• [Exercise material]:
++++++++++
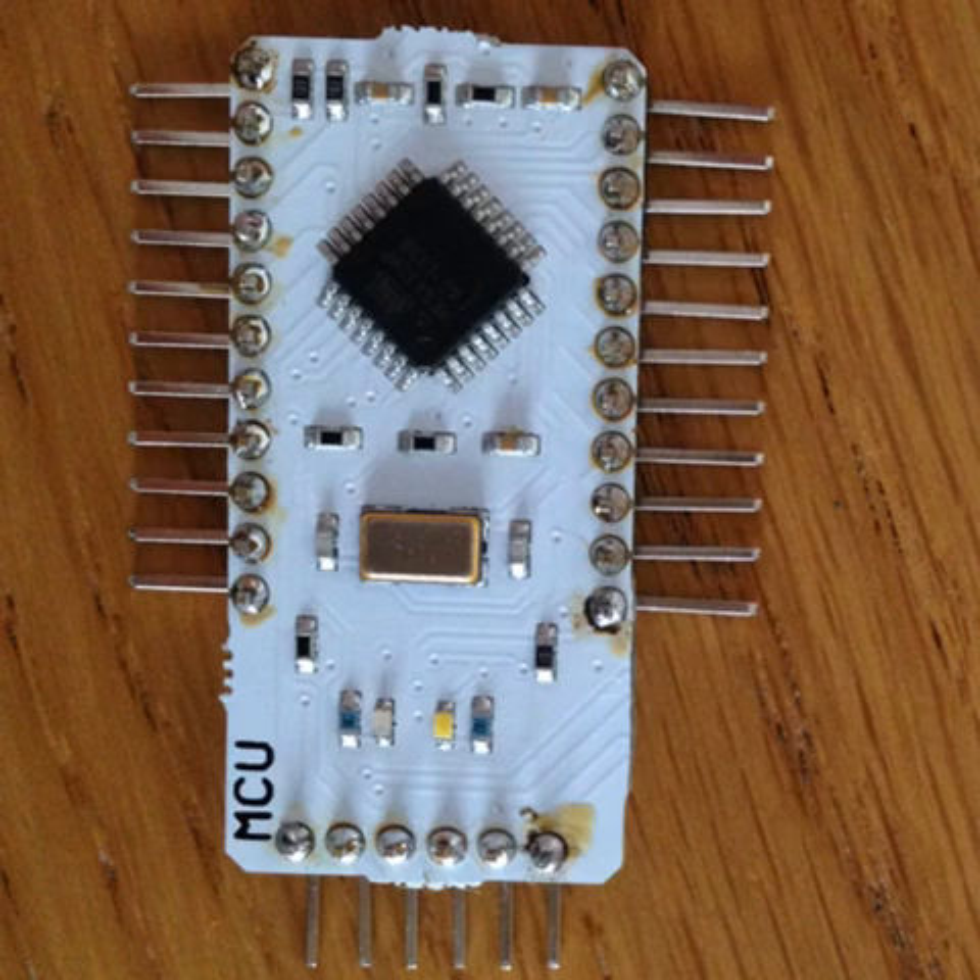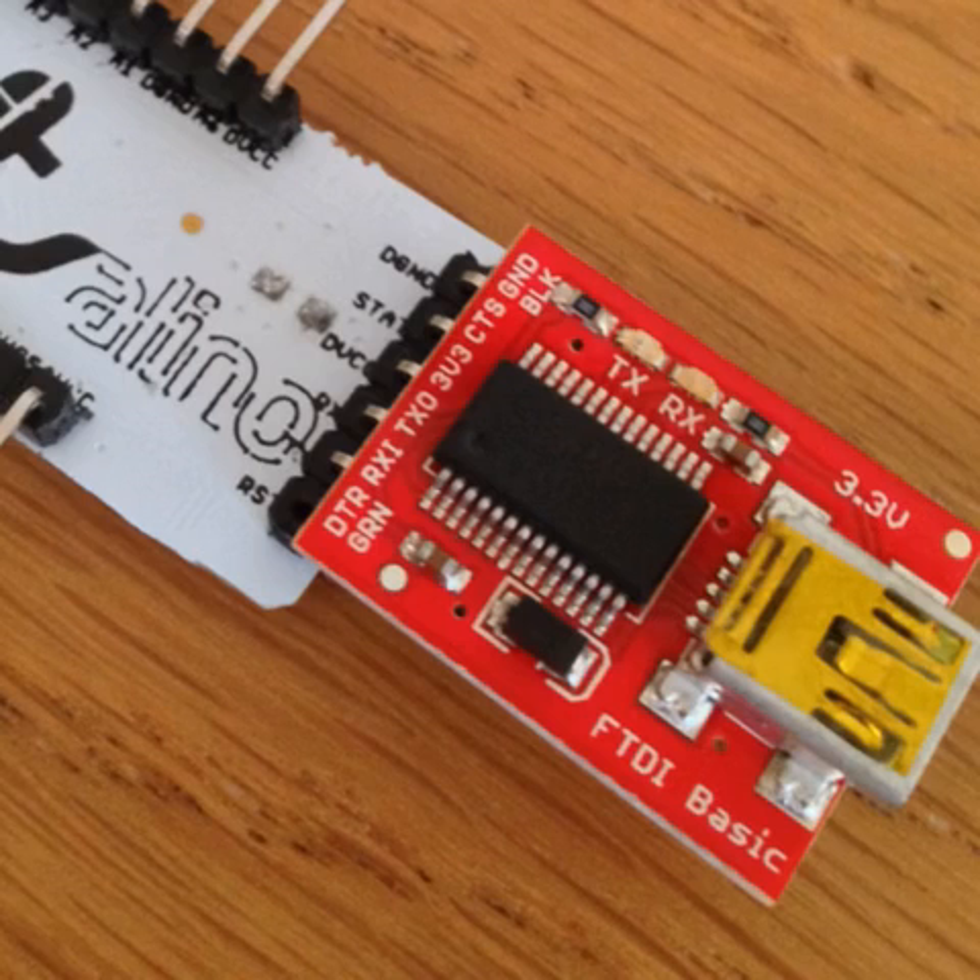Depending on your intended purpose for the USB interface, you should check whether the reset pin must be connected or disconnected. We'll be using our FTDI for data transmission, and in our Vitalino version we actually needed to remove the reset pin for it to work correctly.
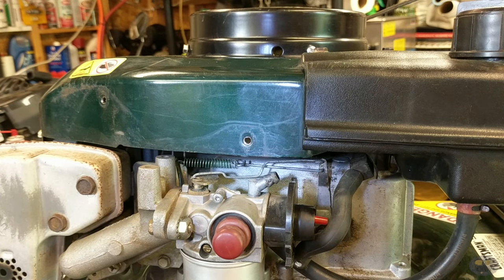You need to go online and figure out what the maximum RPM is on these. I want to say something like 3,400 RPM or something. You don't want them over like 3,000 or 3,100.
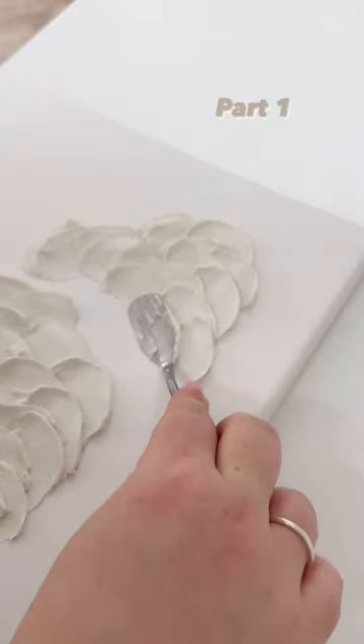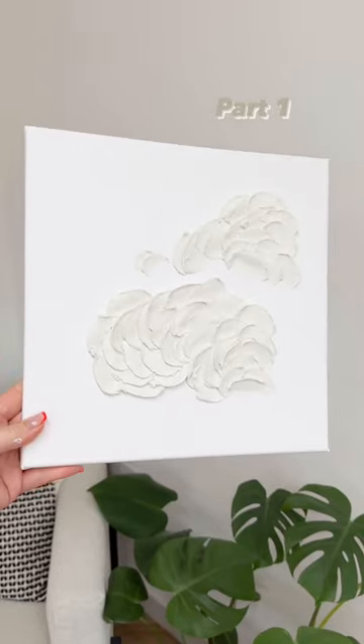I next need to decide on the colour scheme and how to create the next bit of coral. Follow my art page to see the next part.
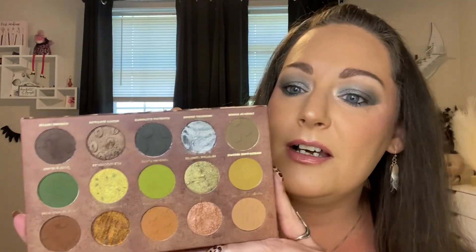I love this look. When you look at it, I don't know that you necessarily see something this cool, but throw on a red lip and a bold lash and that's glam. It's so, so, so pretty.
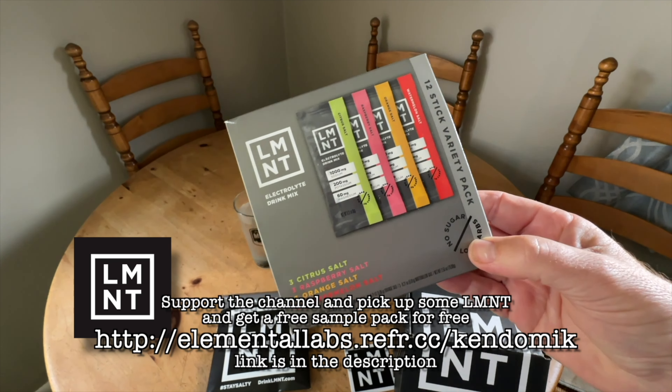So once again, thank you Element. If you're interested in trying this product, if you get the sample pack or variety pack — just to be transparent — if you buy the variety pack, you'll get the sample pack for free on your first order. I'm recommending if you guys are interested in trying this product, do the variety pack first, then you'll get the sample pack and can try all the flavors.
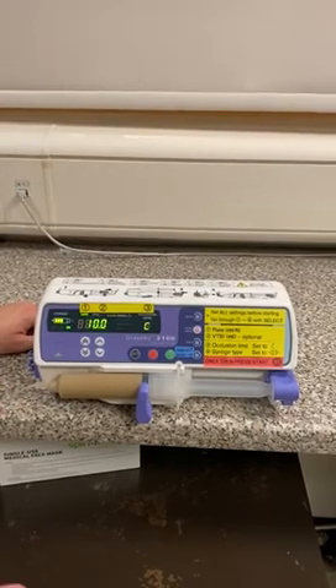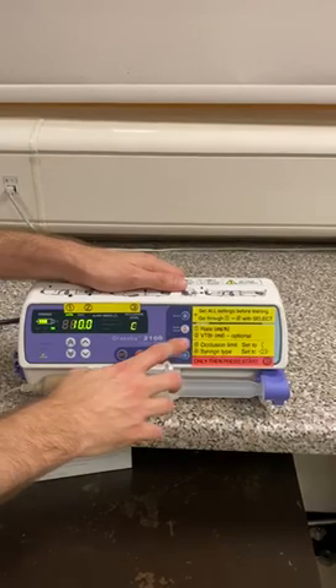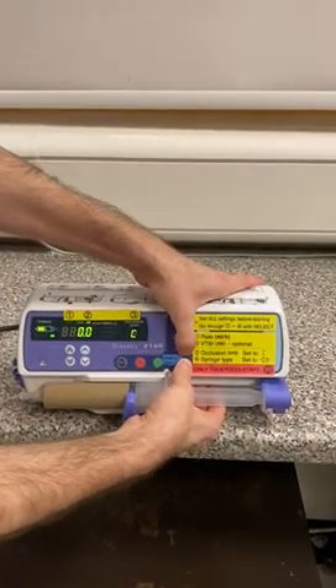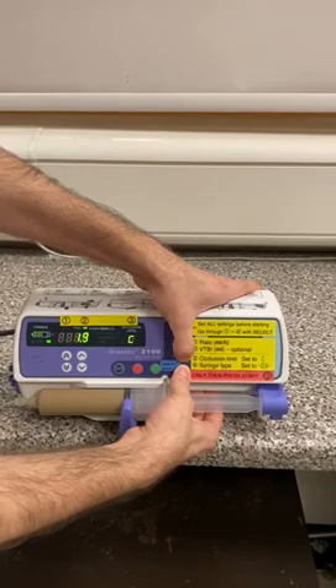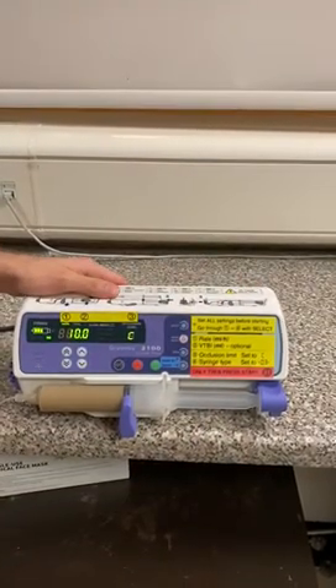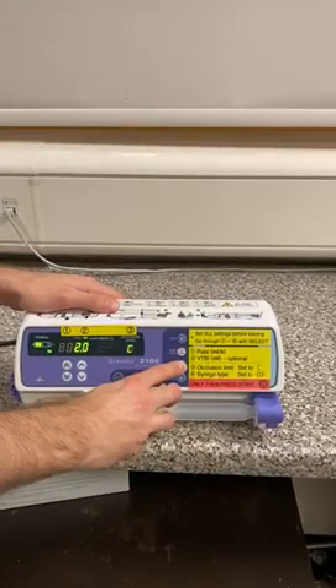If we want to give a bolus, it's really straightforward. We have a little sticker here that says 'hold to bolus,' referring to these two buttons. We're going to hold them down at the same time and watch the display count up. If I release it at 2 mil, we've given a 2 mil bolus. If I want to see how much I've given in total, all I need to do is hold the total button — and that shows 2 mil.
++++++++++
• [Description of the task]:
Leave out the pictures and reproduce the rest of the listing exactly.

• [Solution to the exercise]:
Depending on your intended purpose for the USB interface, you should check whether the reset pin must be connected or disconnected. We'll be using our FTDI for data transmission, and in our Vitalino version we actually needed to remove the reset pin for it to work correctly.
You need to go online and figure out what the maximum RPM is on these. I want to say something like 3,400 RPM or something. You don't want them over like 3,000 or 3,100.
I next need to decide on the colour scheme and how to create the next bit of coral. Follow my art page to see the next part.
I love this look. When you look at it, I don't know that you necessarily see something this cool, but throw on a red lip and a bold lash and that's glam. It's so, so, so pretty.
So once again, thank you Element. If you're interested in trying this product, if you get the sample pack or variety pack — just to be transparent — if you buy the variety pack, you'll get the sample pack for free on your first order. I'm recommending if you guys are interested in trying this product, do the variety pack first, then you'll get the sample pack and can try all the flavors.
If we want to give a bolus, it's really straightforward. We have a little sticker here that says 'hold to bolus,' referring to these two buttons. We're going to hold them down at the same time and watch the display count up. If I release it at 2 mil, we've given a 2 mil bolus. If I want to see how much I've given in total, all I need to do is hold the total button — and that shows 2 mil.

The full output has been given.